Il sito della Rye River non è molto incoraggiante per chi vi capita per caso: i marchi Bavaria e San Miguel non sono certamente attrattivi per un appassionato di birra di qualità, ma il birrificio non li produce su licenza, agendo solo come centro di distribuzione. Il marchio “craft” attraverso il quale Rye River produce e opera è invece McGargles, formato dagli immaginari membri dell’omonima famiglia irlandese che corrispondono alle diverse tipologie di birra: la Pale Ale della cugina Rosie, la Red Ale della nonna Mary, la IPA di Ned, la Stout dello zio Jim e così via. Il birrificio ha già stretto importanti accordi per la distribuzione negli Stati Uniti e in vari paesi Europei tra i quali anche l’Italia, dove le potete trovare in alcuni supermercati.
La birra.
La Pale Ale della cugina Rosie viene prodotta con malti Monaco e Crystal, luppoli Chinook, Amarillo e Summit. Il suo colore è dorato carico, con venature ramate, leggermente velato; la schiuma che si forma è di dimensioni abbastanza modeste, un po' scomposta e si dissolve abbastanza rapidamente. Il naso rivela freschezza ed una bella eleganza fatta di mango e pesca, pompelmo e polpa d'arancia: la frutta è piuttosto dolce ma la sua fragranza scongiura qualsiasi rischio di stucchevolezza. C'è qualche nota caramellata in sottofondo. Piuttosto bene anche la sensazione palatale: poche bollicine, ottima scorrevolezza, corpo medio-leggero. I malti (biscotto, cereale e un tocco di caramello) sono molto ben integrati con le note fruttate e tropicali dei luppoli, per un inizio dolce che poi sfuma abbastanza rapidamente in territorio amaro, con note erbacee e di scorza d'agrume di buona intensità ed eleganza che sono anche le protagoniste del retrogusto. Una session beer che mi ha davvero sorpreso in positivo soprattutto per averla trovata sullo scaffale di un supermercato, luogo solitamente (e anche un po' ingiustamente) accusato di maltrattare le delicate birre "artigianali". Imbottigliata lo scorso gennaio, gode ancora di un buon livello di freschezza che è fondamentale per un'American Pale Ale: complessivamente è davvero molto pulita, ben profumata e ben attenuata, con la chiusura luppolata che lascia il palato ben pulito ad ogni sorso.

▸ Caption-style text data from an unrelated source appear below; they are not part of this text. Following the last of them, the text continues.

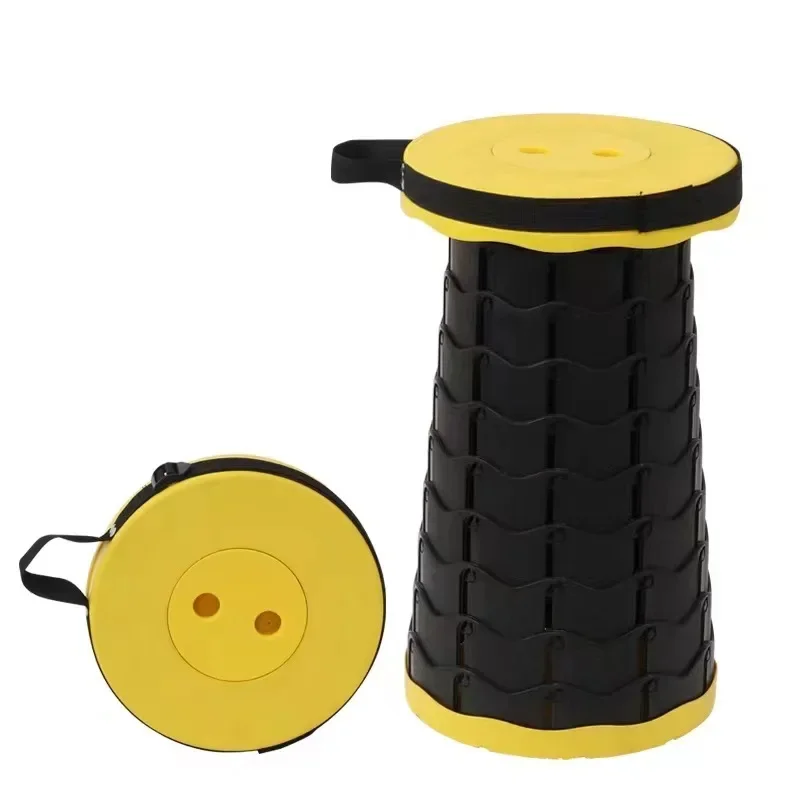 [Source Factory]Portable Round PP Plastic Folding Chair Accordion Chair Retractable Beach For Camping Travel Fishing Hiking Chai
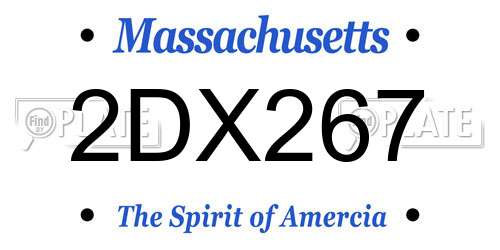 2DX267 Massachusetts License Plate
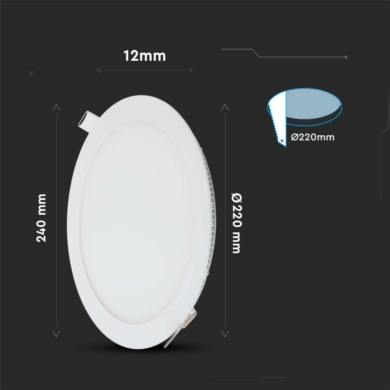 Panel V-TAC SKU216423 VT-2207RD-N 4000K 22W 2265lm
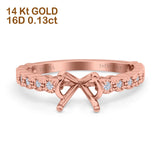14K Rose Gold 0.13ct Round 6.5mm G SI Semi Mount Diamond Engagement Wedding Ring Size 6.5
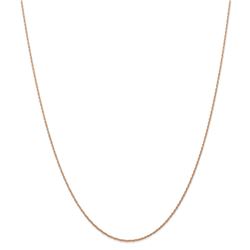 14k Rose Gold .7 mm Carded Cable Rope Chain Necklace - 18 in.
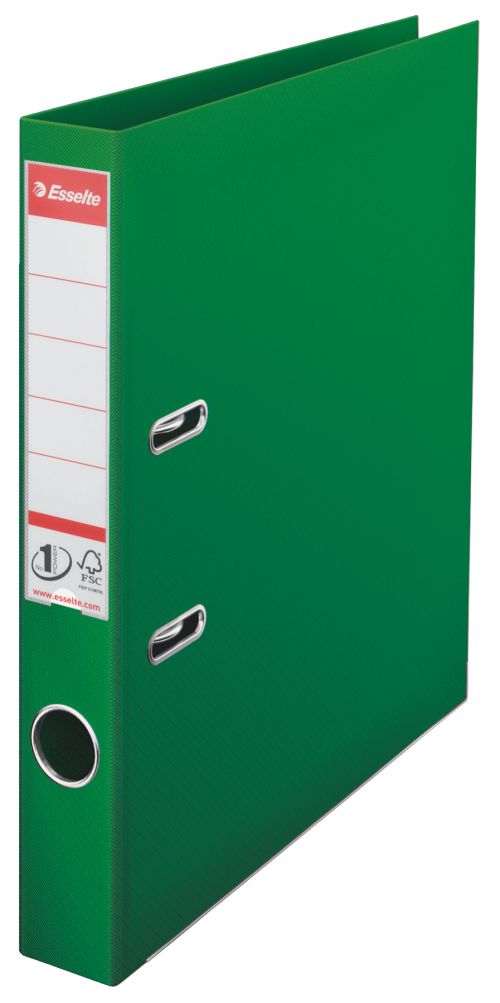 Esselte No 1 Lever Arch File PVC 50mm Spine A4 Green 811460 [Pack 10]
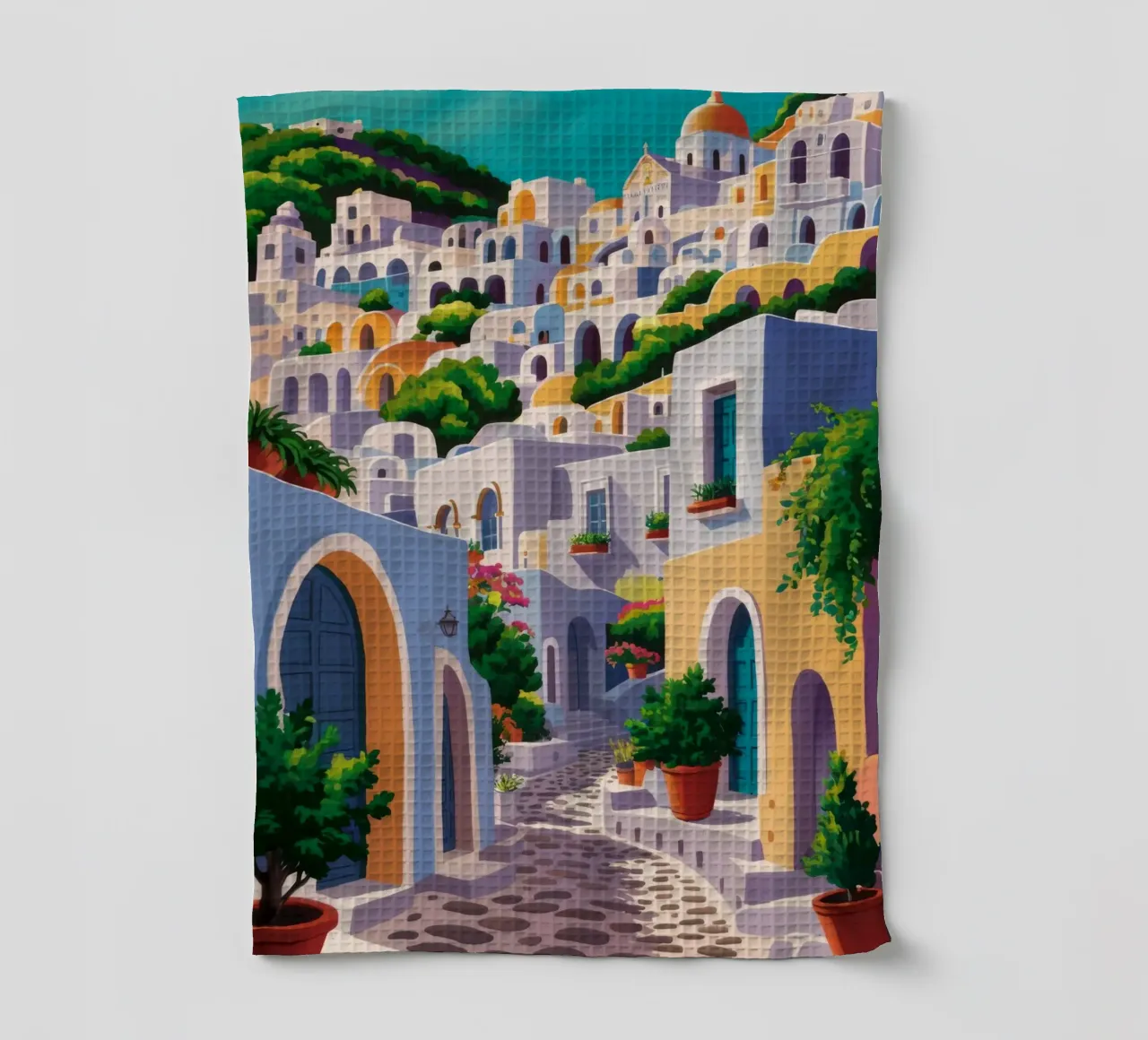 Arched Village Entry tea towel by Jasper Rune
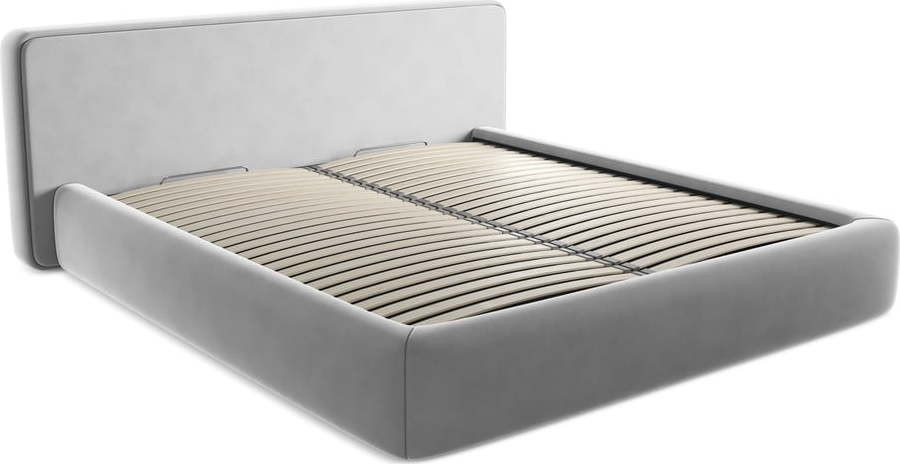 Šedá čalouněná dvoulůžková postel s úložným prostorem s roštem 180x200 cm Kiana – Makamii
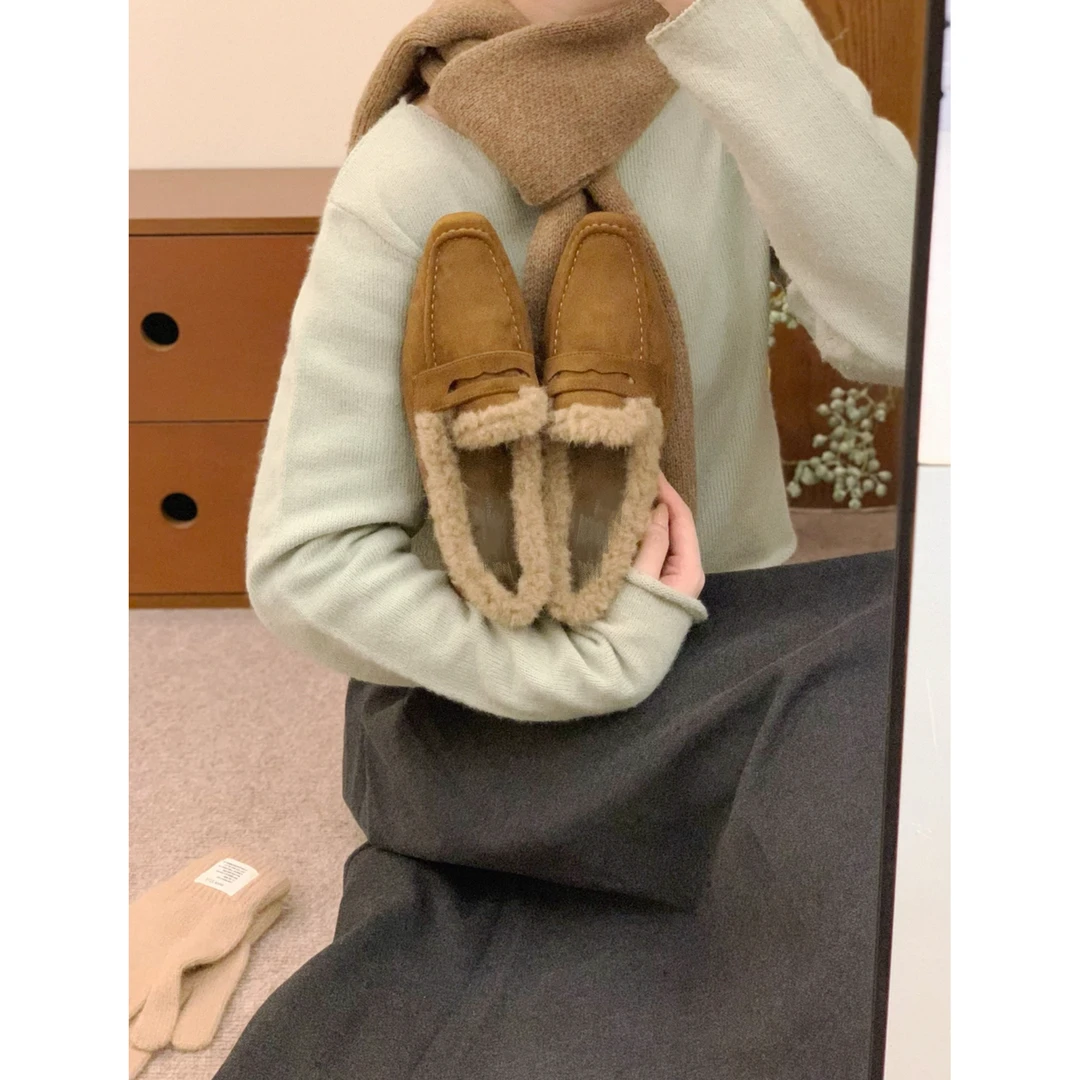 YZ9096韩版复古小众加绒乐福鞋女秋冬款保暖毛毛单鞋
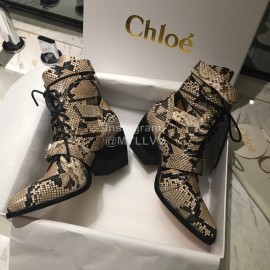 Chloe Embossed Cowhide Lace Up High Heeled Boots For Women Coffee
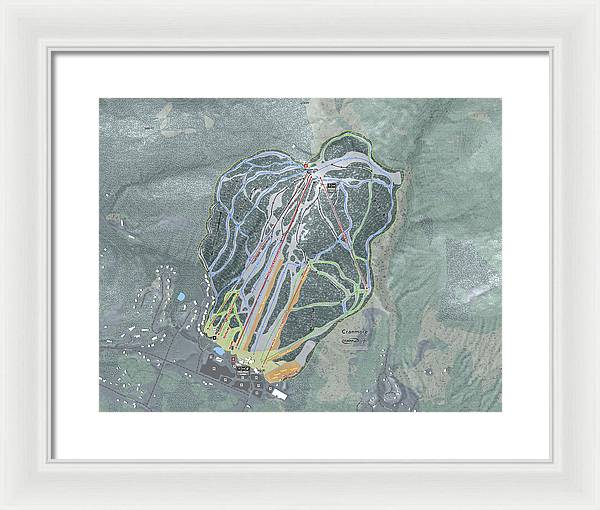 Cranmore Mountain Ski Trail Map - Framed Print
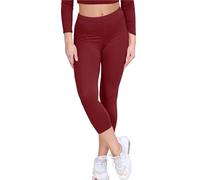 janisramone Womens Ladies New Plain Stretchy 3/4 Leggings Workout Tight Gym Cropped Capri Active Pants Wine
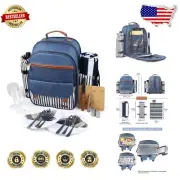 Lightweight Insulated Picnic Backpack for 2 - Complete Set with Blanket & More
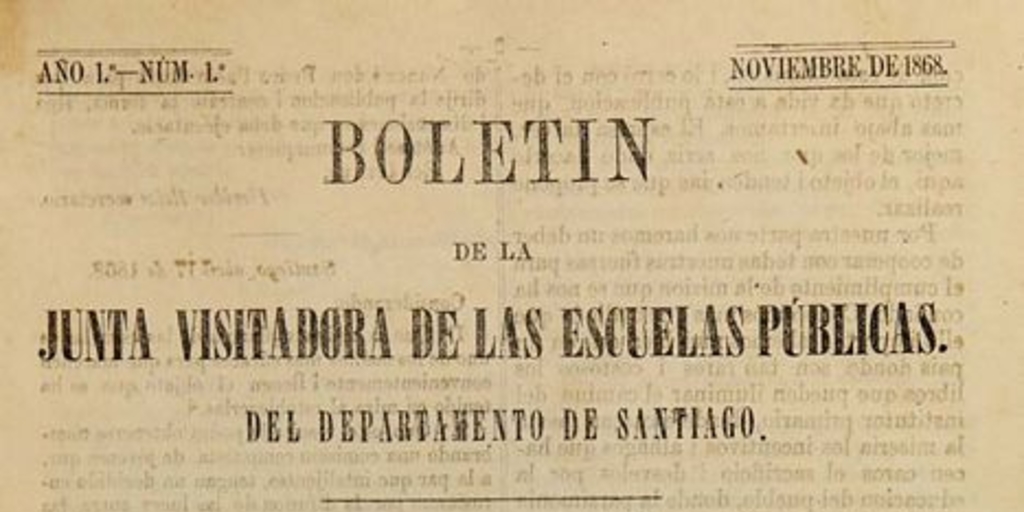 Boletín de la Junta Visitadora de las Escuelas Públicas del Departamento de Santiago: año 1-2, no. 1-7, noviembre de 1868 a octubre de 1870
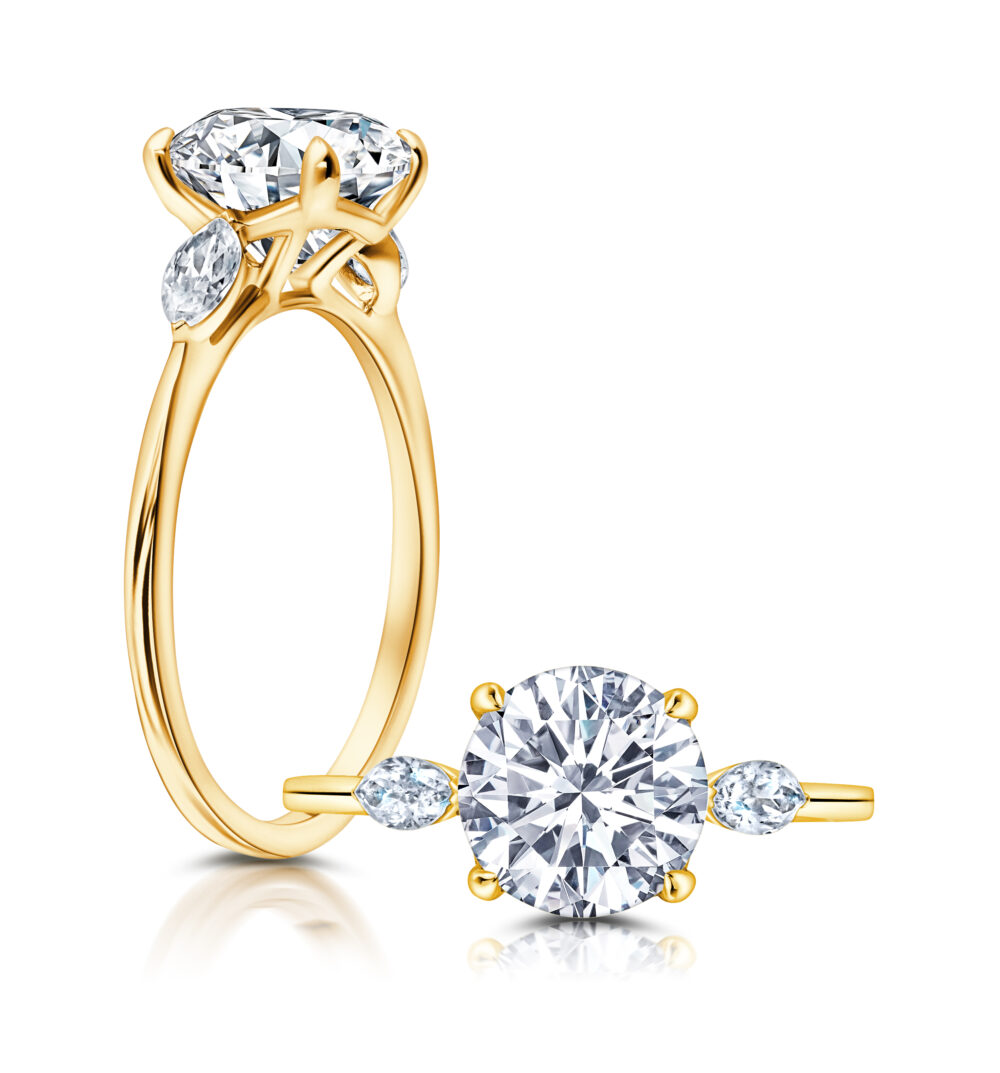 Three-Stone Engagement Ring With Marquise Side Stones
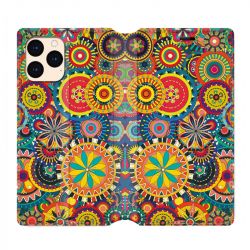 housse Cuir Portefeuille Pour Iphone 12 Mini Psychedelic Roue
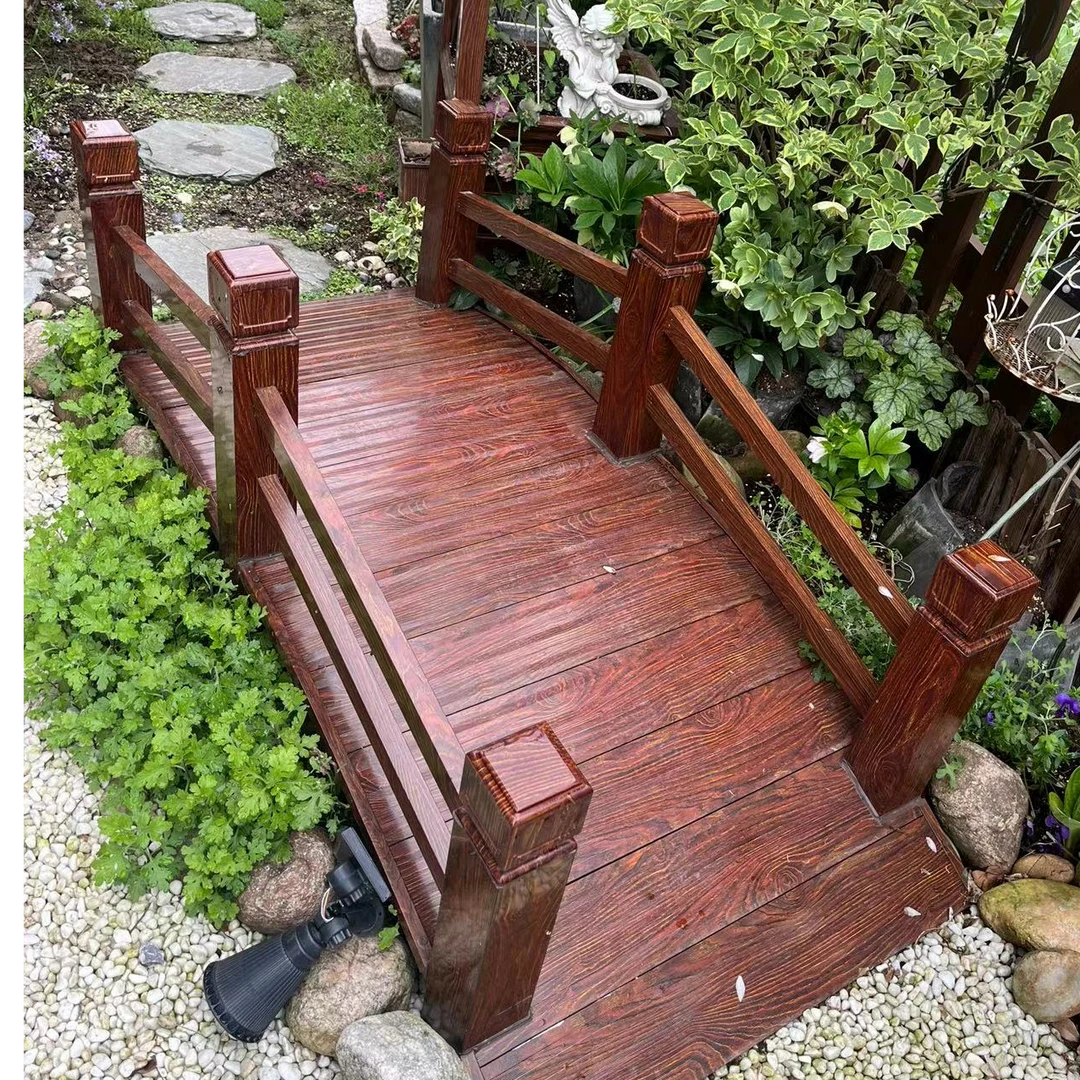 园艺木纹铝合金室外小桥拱桥庭院公园室外景观小桥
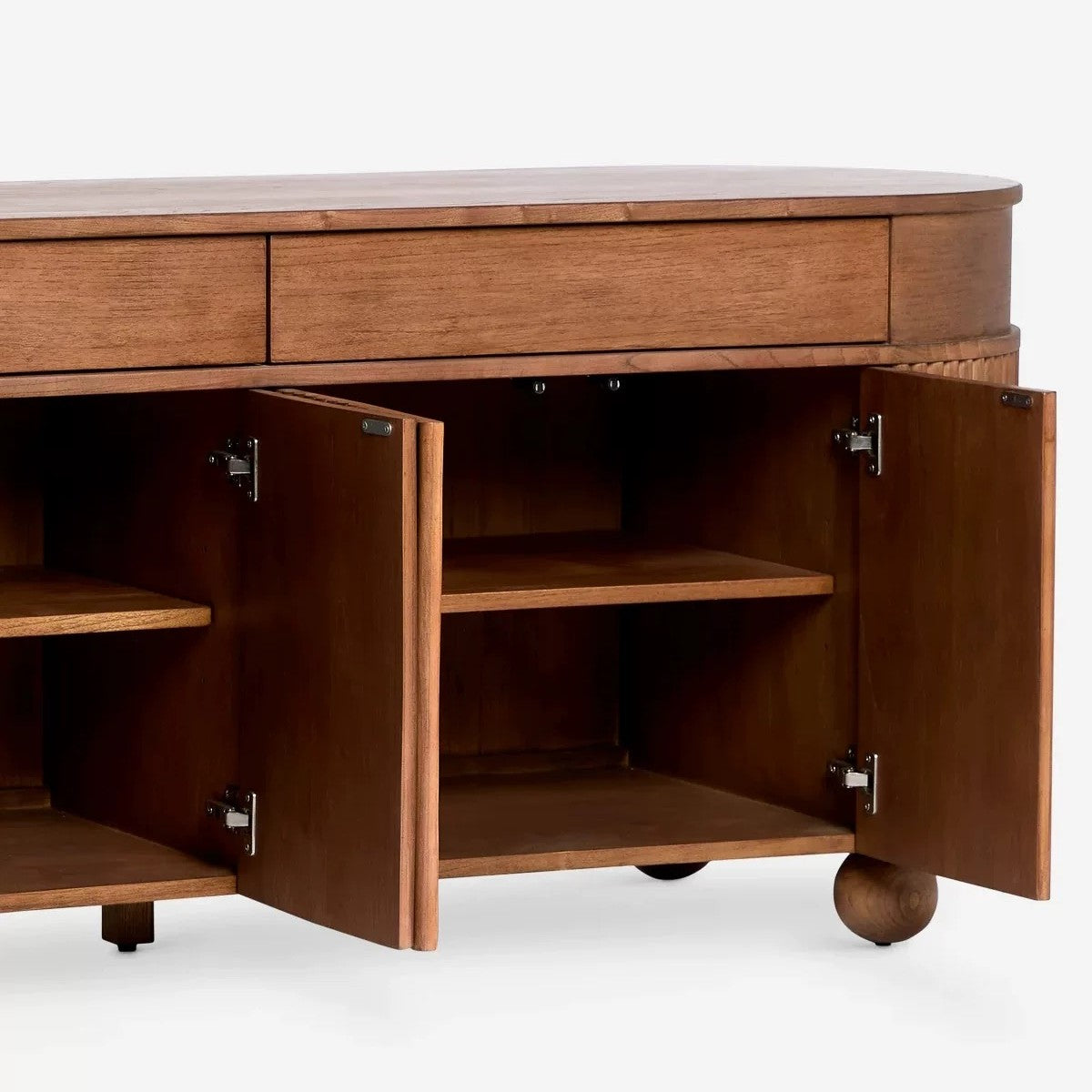French Mid-Century Curved Fluted Solid Wood Sideboard – Premium Storage Cabinet with Drawers and Doors, Luxury Dining Room Buffet Console with Spherical Legs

Dimostrazione che è possibile bere bene anche attraverso la grande distribuzione e ad un prezzo tutto sommato contenuto, qui siamo sui 7,50 Euro/litro; basta fare attenzione all'etichetta, cercare di risalire alla data d'imbottigliamento (in questo caso dodici mesi prima della scadenza) e verificare che tra questa e il vostro acquisto non ci sia stata di mezzo l'estate, vero nemico dei cartoni di birra che spesso sostano in luoghi caldi prima di entrare tre le corsie climatizzate del supermercato.
Se la vedete in giro, siete ancora in tempo per comprarla.
Formato: 33 cl., alc. 4.5%, lotto 16008, scad. 01/01/2017, 2.45 Euro (supermercato, Italia)
NOTA: la descrizione della birra è basata esclusivamente sull’assaggio di questa bottiglia, e potrebbe non rispecchiare la produzione abituale del birrificio.